Traditional Culture Encyclopedia - Photography major - What are the representatives of British national paintings?

What are the representatives of British national paintings?

English painting in the 18th century has an extremely complex historical background: in 1653, the newly established government and government were led by Cromwell to a military dictatorship, which made the British political situation even more chaotic. Especially after Cromwell's death, the so-called "Glorious Revolution" of 1688 finally led to the overthrow of the Restoration Dynasty and the establishment of a constitutional monarchy based on an alliance between the landed aristocracy and the big bourgeoisie. It took more than 40 years of turmoil to usher the British bourgeois revolution into a new era.

From this era, British painting began to undergo fundamental changes, completely getting rid of the influence of foreign painters such as Holbein and Van Dyck, and producing artists such as William Hogarth and Reynolds. Here, Gainsborough, Ramsey, Rayburn and Romney are some of the outstanding representatives of national painting. William Hogarth was a famous British oil painter and esthetician in the first half of the 18th century. He was world-famous for his satirical genre paintings. His works revealed some of the dark sides of British society, but they were not expressed in the form of cartoons, but in the form of very fine oil paintings. The characters and composition scenes were relatively complex and highly decorative, so the British society at that time called him "Joke Photographer". Hogarth had never received any systematic professional training and initially learned engraving from Ellis Gamble, a silver engraver.

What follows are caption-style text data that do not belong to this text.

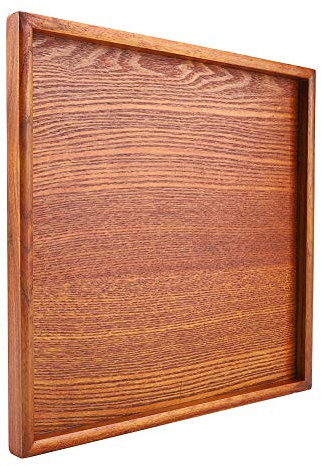 Bandeja cuadrada de té de madera maciza para café, sushi, aperitivos, servir alimentos de madera, suministros de cocina, postres, servicio de café para el hogar, restaurante, 30 x 30 cm, Pla +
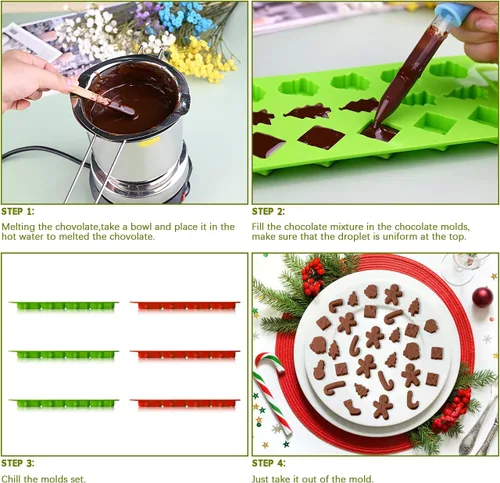 Vista 4 de Moldes de silicona para chocolate y dulces de Navidad, paquete de 6 moldes reutilizables y antiadherentes para hornear pequeños caramelos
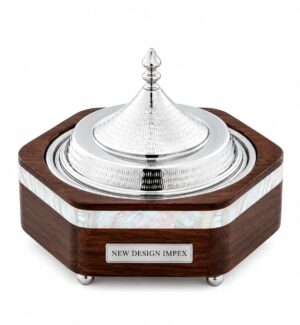 Hexagonal Shape Wooden Hot Pot Casseroles Server Pot For Walnut Finishing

According to his own memoirs written in his later years, he had a gift of imitation when he was young. As long as he learned from others well, he could learn quickly.

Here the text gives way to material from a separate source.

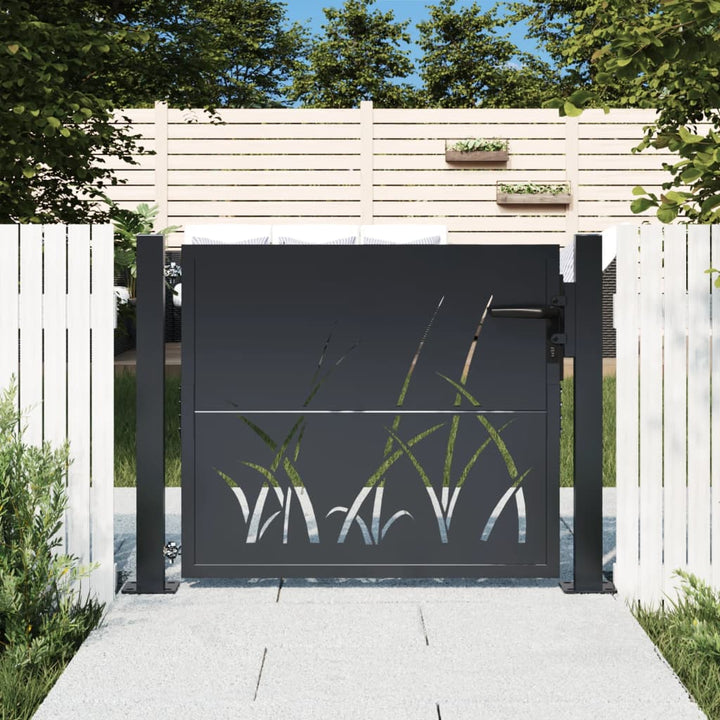 Trädgårdsgrind Antracit Stål Gräsdesign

He patiently learned formal painting composition techniques, and later specialized in illustrations for the publishing industry and production of etchings, from which he gained his earliest reputation for painting. Hogarth's more famous etchings are a set of five etched etchings, "The Fall of Harlot, the Firework Lady", which depict a rural girl who longed for city life, but later became a prostitute after losing her virginity, and lived an extremely dissolute life. process. Each of his works is like a stage play, and the painter himself is a director. Just like rehearsing a play, he handles the details of each "play" scene, character performance and various props, but not with exaggerated movements, but with dramatic expressions to show the relationship between the various images. Its comicality and ridiculousness are also formed from the interconnection of all details, just like scenes of popular satirical pantomimes, which are thought-provoking.